GIVEN MATERIAL:

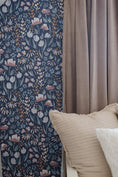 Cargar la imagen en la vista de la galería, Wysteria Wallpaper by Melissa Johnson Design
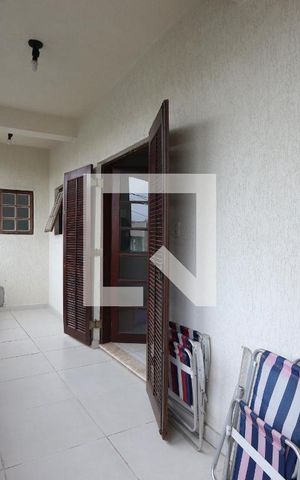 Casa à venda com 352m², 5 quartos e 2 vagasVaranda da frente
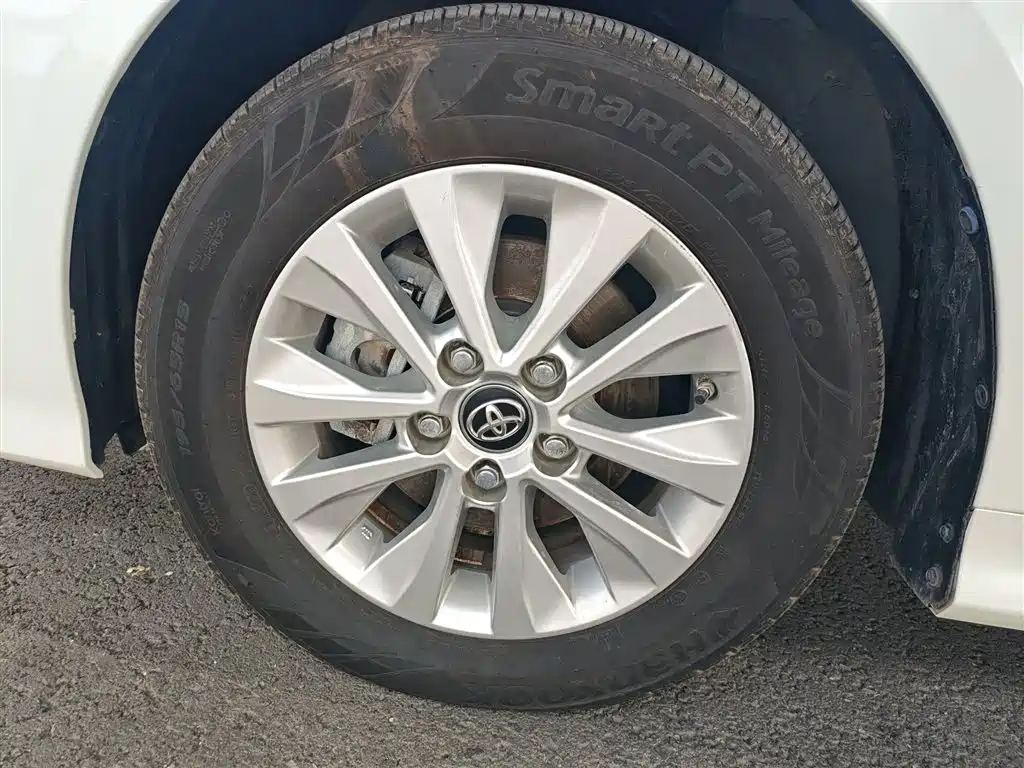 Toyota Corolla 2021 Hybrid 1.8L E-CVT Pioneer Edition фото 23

PROBLEM TO WORK ON:
Would you output, word for word, only the lines running from the line with "Casa à venda" to the end of the listing above, both ends included, with no pictures?

EXPECTED ANSWER:
 Casa à venda com 352m², 5 quartos e 2 vagasVaranda da frente
 Toyota Corolla 2021 Hybrid 1.8L E-CVT Pioneer Edition фото 23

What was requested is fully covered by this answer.